We had been watching the HBO series: Pacquiao / De La Hoya 24/7 every night up to our departure so we were very much anticipating going to the MGM Grand to catch the match.
We arrived Friday night. The fight was Saturday night. We grabbed a late dinner at our hotel and walked up and down the Las Vegas Strip for a few minutes before I started getting sleepy. I headed to our room and he hit the casino floor.
Saturday morning he came in from the casino, got a little sleep, and we had lunch with our cousins who live in Henderson, just outside Las Vegas. From the restaurant we returned to the hotel to park the car and then we headed to the MGM.
We kept going back and forth between watching the fight in person or going to the closed-circuit simulcast in another wing of the MGM. He had made more than enough in the casino to cover the cost of the arena tickets but somewhere deep down we knew that arena tickets would be too extravagant. Decidedly, we got our tickets and then headed to the simulcast in the Grand Conference Room. It was the smart choice.
MGM set up six jumbo screens, three on each side of the room. Chairs were arranged in rows before each screen and each section was separated by a nice wide aisle. The center of the room was reserved for a rather elegant looking concession stand. The difference between this room and the other, cheaper closed-circuit room was space.
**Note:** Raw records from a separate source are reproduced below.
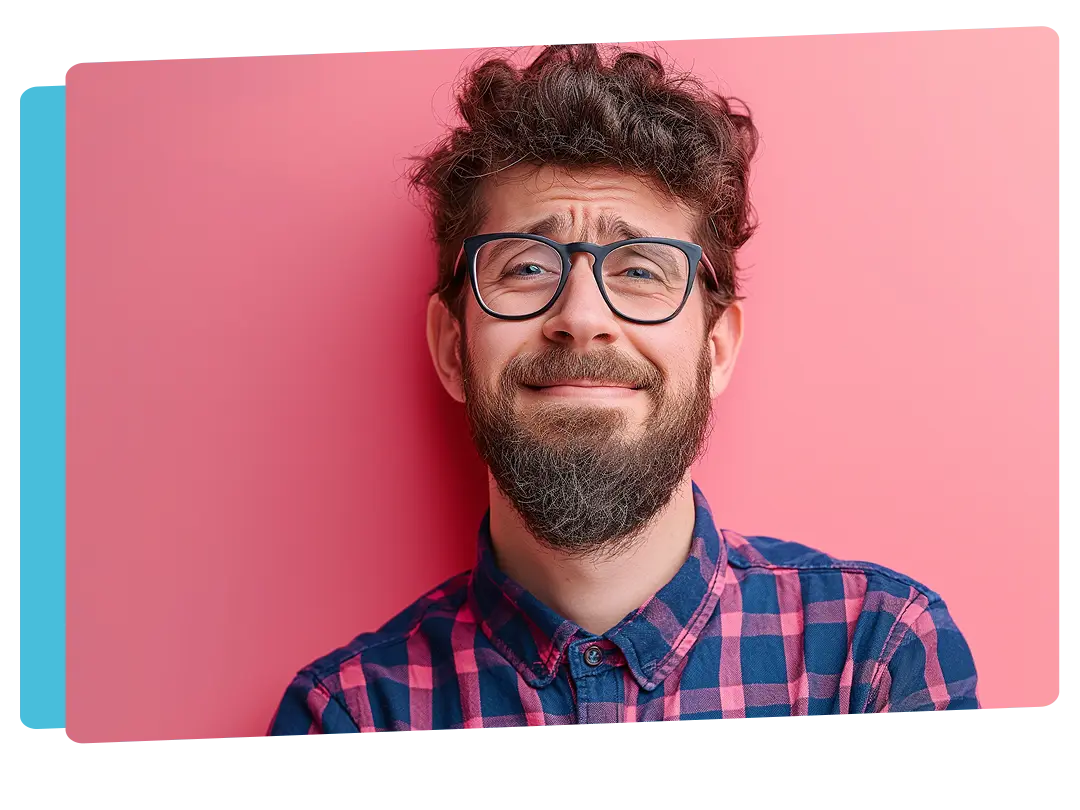 Photo d'un Homme barbu à lunettes, souriant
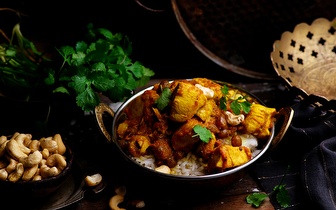 Menu Completo de Comida Nepalesa e Indiana para 2 Pessoas ao Almoço por 19€ no Marquês de Pombal!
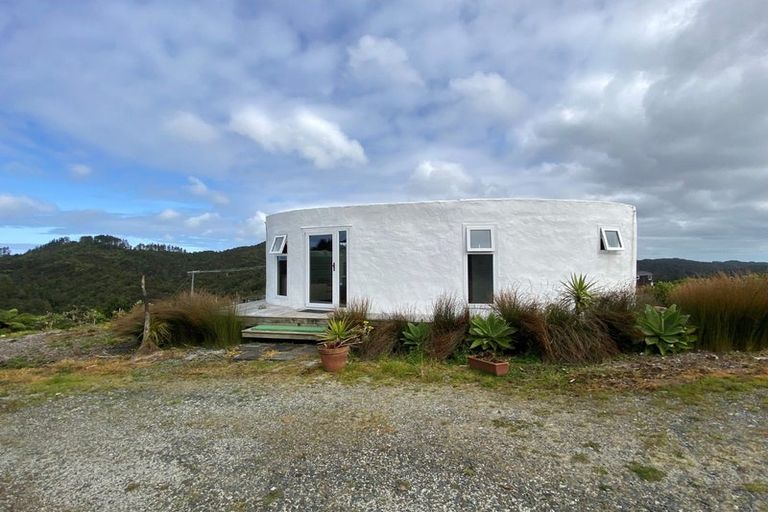 Photo of property in 357a Govan Wilson Road, Whangaripo, Warkworth, 0985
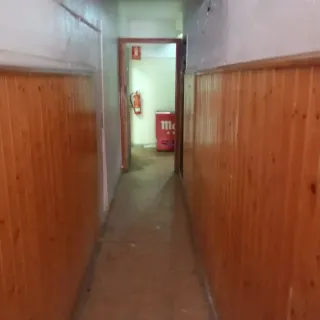 Local Comercial, con licencia y salida de humos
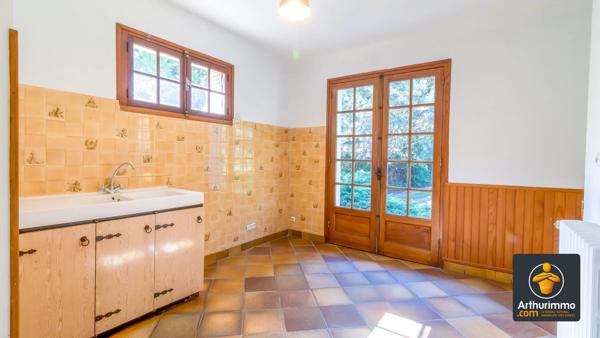 Vente                                                      Maison
                        
                     7 pièces                      170 m2                     à Saint-Genis-Laval
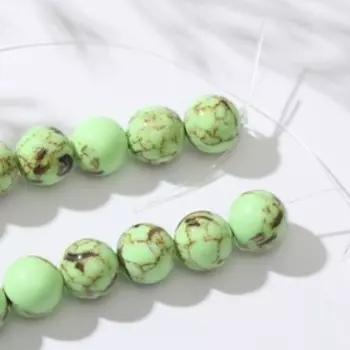 Бусины на нити шар №10 "Варисцит", цвет салатовый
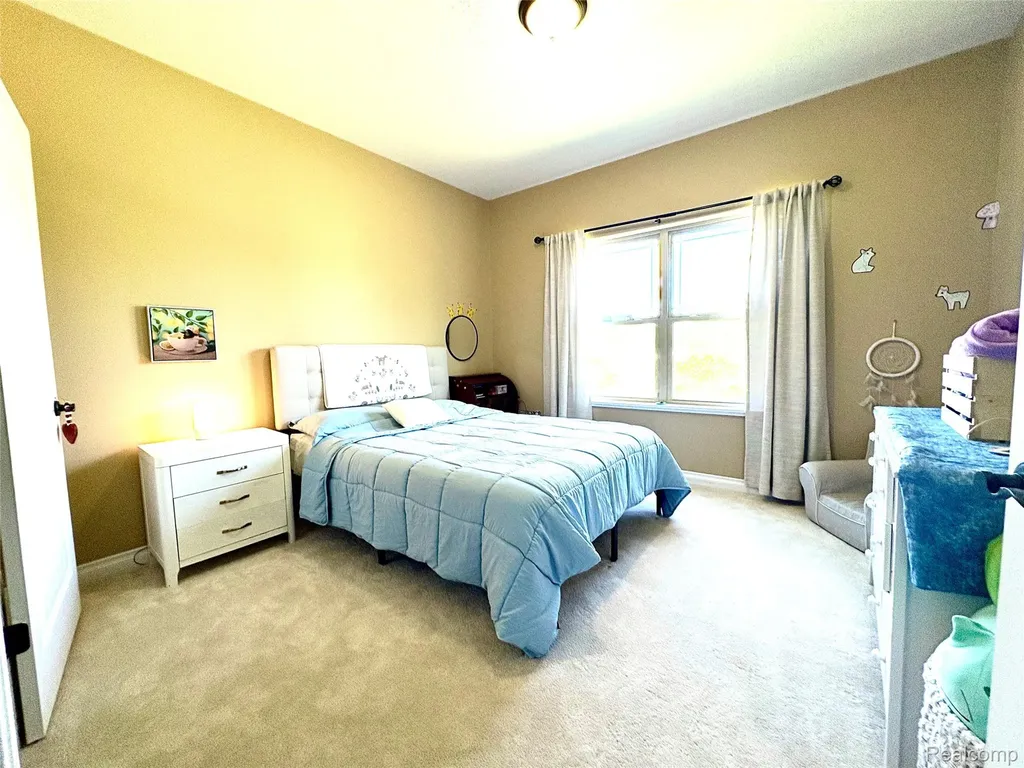 9865 Loons Call Drive Traverse City City MI 49685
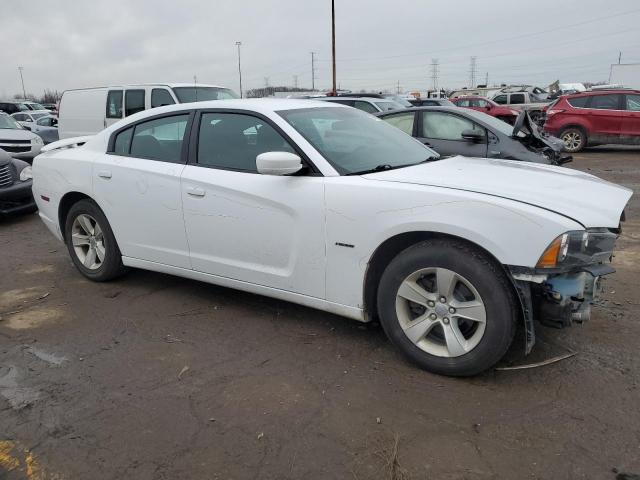 2B3CL3CG0BH597746 - 2011 DODGE CHARGER WHITE photo 4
There was so much time before the main fight that Santos went to the other room to see what that was like. Tickets to that room were a bit cheaper and he wanted to see what we gave up. Boy was it worth the extra cash. Santos said the other room was packed. People were lined up against the walls and there was no space in the middle of the room for the concession stand. It was all chairs and people. By contrast, there was an average of five to seven people per row (30 seats to a row) in our room.
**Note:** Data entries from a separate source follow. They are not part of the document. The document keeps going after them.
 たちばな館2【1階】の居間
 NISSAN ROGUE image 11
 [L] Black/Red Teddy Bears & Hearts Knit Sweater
Santos and I have been to quite a few sporting events and we’ve seen our share of big nights. We’ve seen a World Series game at Comiskey; he was working the final quarter mile on the day I ran the Chicago Marathon; and now we can say we saw Pacquiao defeat De La Hoya.
Fight night was different.
In Comiskey, we were Sox fans born and raised in Chicago. On Marathon day we were brothers on different sides of the same event. At the MGM, we were two Filipino brothers who came from Chicago to watch a great boxer from the Philippines and we came to watch him win.
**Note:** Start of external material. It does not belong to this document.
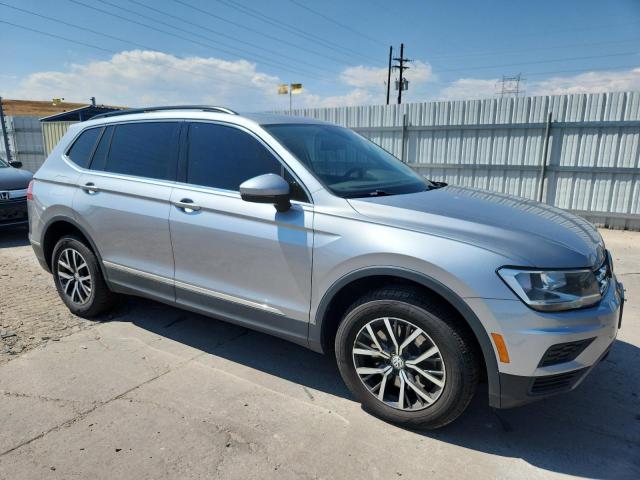 3VV2B7AX7LM029716 - 2020 VOLKSWAGEN TIGUAN SE ვერცხლისფერი ფოტო 4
During the eighth round I thought I saw Manny ease up a little bit. By the eighth it was easy to see Manny was going to win but I think he actually felt bad that he was winning so easily. My hunches were confirmed when, at the end of the eighth round, Freddie Roach (Manny’s trainer) looked him in the eye and said, “Look at me. It’s your job. You have to finish this man.”
When I watch that I actually get a chill. I know Filipinos and we’re incredibly tough but we’re also incredibly warm-hearted. We’re up for a fight but we feel bad when we clearly have the upper hand. That’s what separates us from Americans.
Even my brother was saying after the fight that Oscar had earned his reputation and it was just his time to step down. My brother said that. He’s the one who is now going to walk around Chicago with an M4 assault rifle for work and he’s the one who will be knocking down doors to serve warrants and he’s the one who, with the rest of his unit, will be buying time for the SWAT guys when something big happens. He has a heart as big as the assault rifle he uses for work.
That’s just how Filipinos are.
And that’s what I saw in Manny’s eyes at the end of the eighth round. He was looking at his trainer as if to say, “Let me ease up so Oscar can make it to the twelfth round.” But it just wasn’t meant to happen.
The more I think about the fight the more I see that there were two different people in the ring that night. One was a great boxer and the other was a savy business man. De La Hoya, as a result of all the promotional deals, will actually walk away with twice the amount of money as Manny. Pacquiao earned $11 million that night. Oscar will walk away with at least $25 million from all of his deals.
I suppose I could get cynical about the money and the hype but the truth of the matter is that my brother and I had a great time and we both knew that our cousins in Niles and our friends in Chicago and our parents and relatives in the Philippines all shared the same event from our different seats all over the world. In fact, during the fight Santos got a text from his friend in Chicago that said, “Go Philippines!” Santos laughed because he knew his caucasian buddy (a fellow officer) couldn’t spell “Pacquiao.”
Only a sporting event can bring people together that way. And believe me when I say that if ever there was a people that needs to find unity and their place in this world… Filipinos are that people.